The Court held that a carrier, which had provided a shipper’s agent with pin codes for an electronic cargo release system, had not fulfilled its obligations under a bill of lading pursuant to which the bill was to be exchanged either for the goods or for a delivery order.1

Background

MSC Mediterranean Shipping Co SA (MSC) carried three cargo containers from Fremantle to Antwerp under a bill of lading which named Glencore International AG (Glencore) as the shipper, and C Steinweg NV (Steinweg), Glencore’s agents, as a notify party. A few days before the vessel’s arrival at the discharge port, Steinweg lodged with MSC one of the bills of lading and soon after, MSC emailed to Steinweg a release note and pin codes for the electronic cargo release system (ERS) that MSC operated at that port.

After the vessel arrived at Antwerp, and the containers were discharged and stored at MSC’s terminal, Steinweg sought delivery of the cargo but it transpired that two of the containers had already been collected by unknown, unauthorised recipients. The shipper brought a claim for damages against MSC.

Decision

The bill of lading contained an express term that it had to be “surrendered by the Merchant to the Carrier … in exchange for the Goods or a Delivery Order”. The Court found that the pin codes did not constitute a “delivery order”, which was taken to refer to a “ship’s delivery order” as defined in s.1(4) of the Carriage of Goods by Sea Act 1992. Such an order contains an undertaking given by the carrier to deliver the goods to an identified person. It was held to be unlikely that a bill of lading holder would agree to surrender its rights without receiving either the goods or an undertaking in return.

MSC’s contention that the provision of a pin code constituted a “Delivery Order” relied on the pattern of previous dealings between the parties. However, the Court rejected this argument. Negotiable bills have to be understood by various people other than the original parties so that, in this case, the original parties were taken to have intended the bill to have the meaning conveyed by its wording, in light of the knowledge available to the range of people to whom it was addressed. In addition, the shipper (as opposed to its agent) was found not to have been aware, at the time it entered into the bill of lading contract, that MSC used the ERS in Antwerp. But even if it had been, it did not follow that forwarding the pin codes constituted delivery.

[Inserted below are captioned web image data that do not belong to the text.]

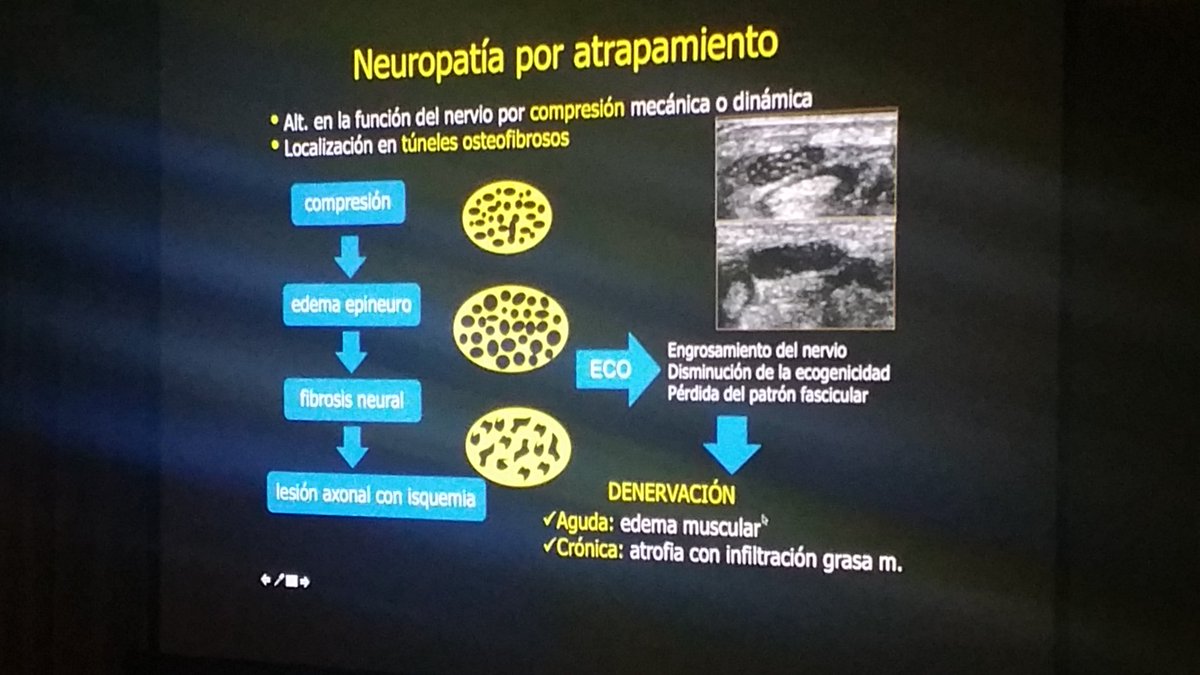 carlespedret's tweet image. Entrapment neuropathy in #ultrasound #ECOARS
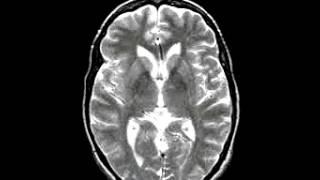 Neoplastic Disease Metastatic adenocarcinoma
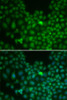 Cell Death Antibodies 1 Anti-CLU Antibody CAB13479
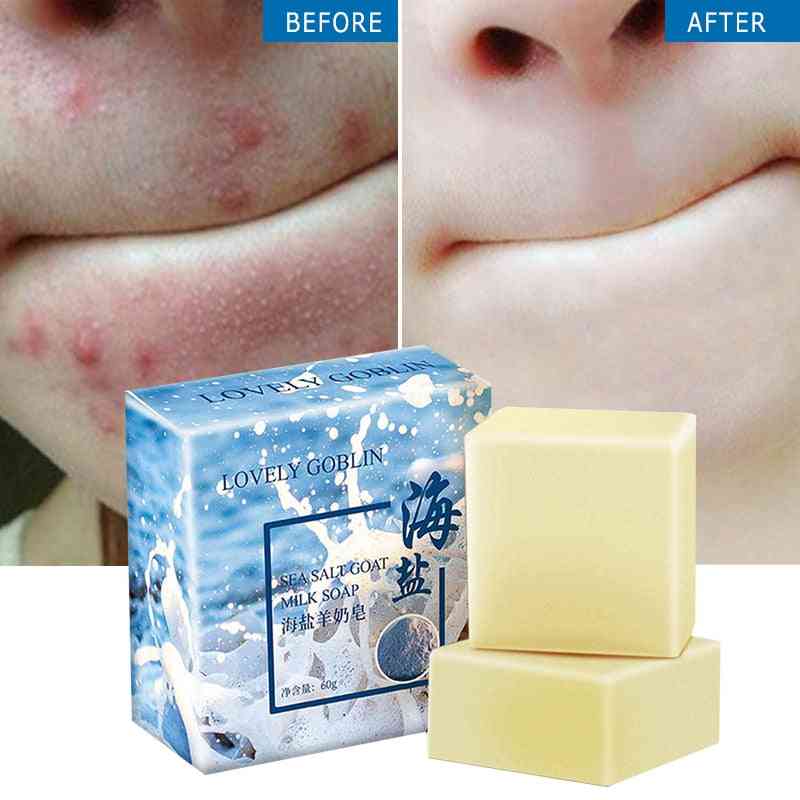 Sea Salt Soap- Face Wash And Skin Care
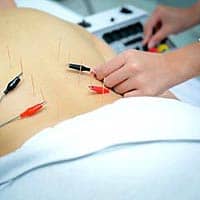 Electroacupuncture Practitioner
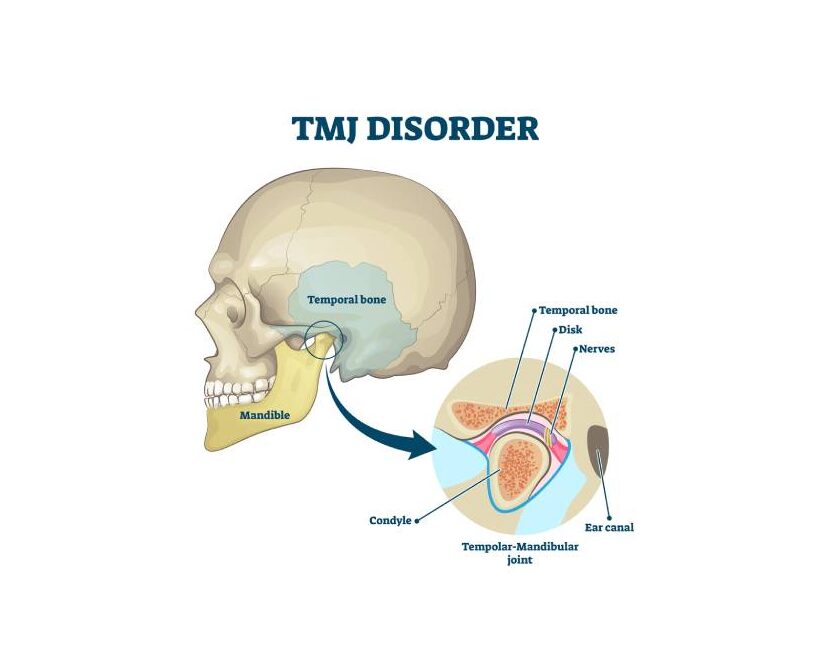 Diagram showing the muscles and joints in the jaw affected by TMJ.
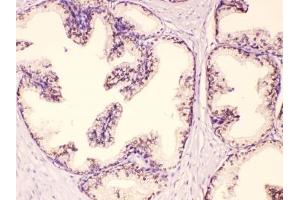 IHC testing of FFPE human prostate cancer tissue with GAA antibody at 1ug/ml. (GAA anticorps  (AA 494-527))
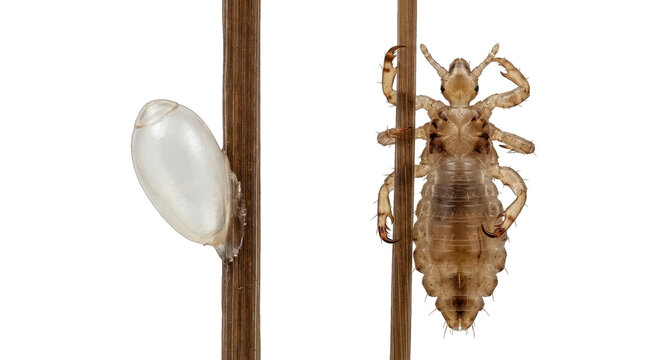 Head louse and nit on hair strand, macro photography, close-up detail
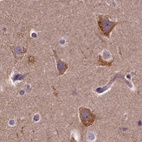 Immunohistochemical staining of human cerebral cortex using Anti-SPRYD3 antibody HPA039685.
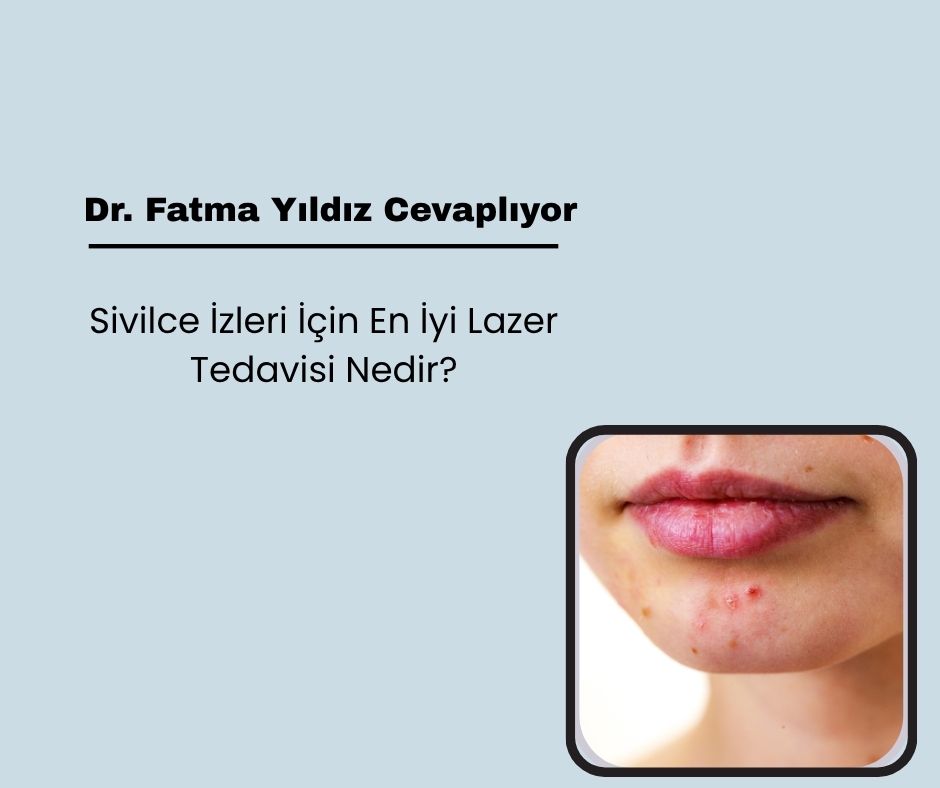 Sivilce İzleri İçin En İyi Lazer Tedavisi Nedir?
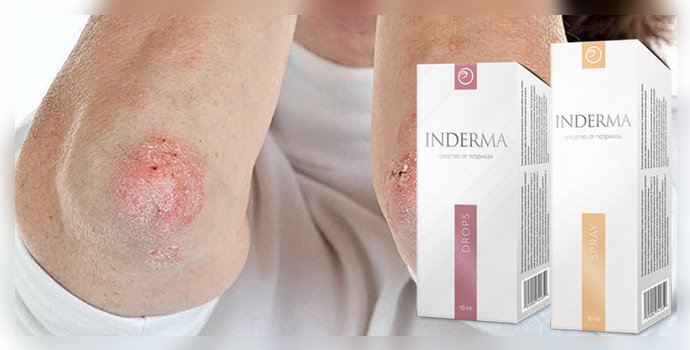 inderma от псориаза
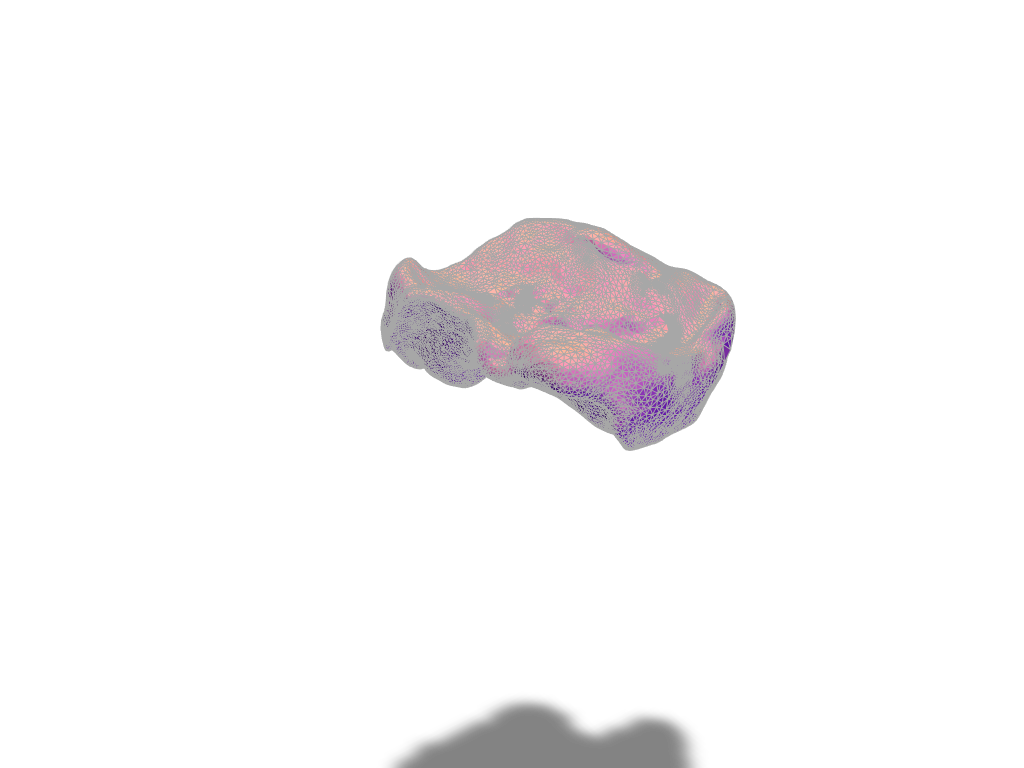 Exocad Inlay - 3D design by Gareth Edward Owen on May 30, 2018 Exocad Inlay - 3D design by Gareth Edward Owen on May 30, 2018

MSC also submitted that a term should be implied into the bill of lading to the effect that a pin code would be a valid substitute for a delivery order. MSC further maintained that Steinweg had agreed to vary the bill of lading so that it might be exchanged for ERS pin codes. However, the Court rejected this argument, stating that the proposed implied term sat awkwardly with the express provision in the bill that the goods, or a delivery order, were to be provided in exchange for it. In addition, it was held that Steinweg did not have authority to vary the bill of lading contract by accepting the terms of the release note sent by MSC. 

MSC also brought an estoppel argument, to the effect that, since the shipper gave the appearance that it was content for the ERS to be used for the 69 previous shipments, it was not open to it to complain that it was used for the three containers under the bill of lading. However, the shipper’s complaint was that MSC had wrongfully delivered the containers to an unauthorised recipient, not that it had released the containers on presentation of the pin codes. In order to be estopped, the shipper would have had to have represented clearly that it was content for goods to be delivered to anyone who presented the relevant pin code. It had made no such representation and its claim, therefore, succeeded. 

Comment

This case is a helpful reminder to carriers of the need to comply with their precise obligations under a negotiable bill of lading. In this case, nothing less than delivery of the goods or a ship’s delivery order, in exchange for an original bill of lading, was sufficient to discharge the carrier’s duty. Use of a discharge port’s ERS does not release carriers of their duty to surrender the goods only to the person entitled to take delivery of them. The decision also emphasises the potential risks involved with the electronic cargo release system.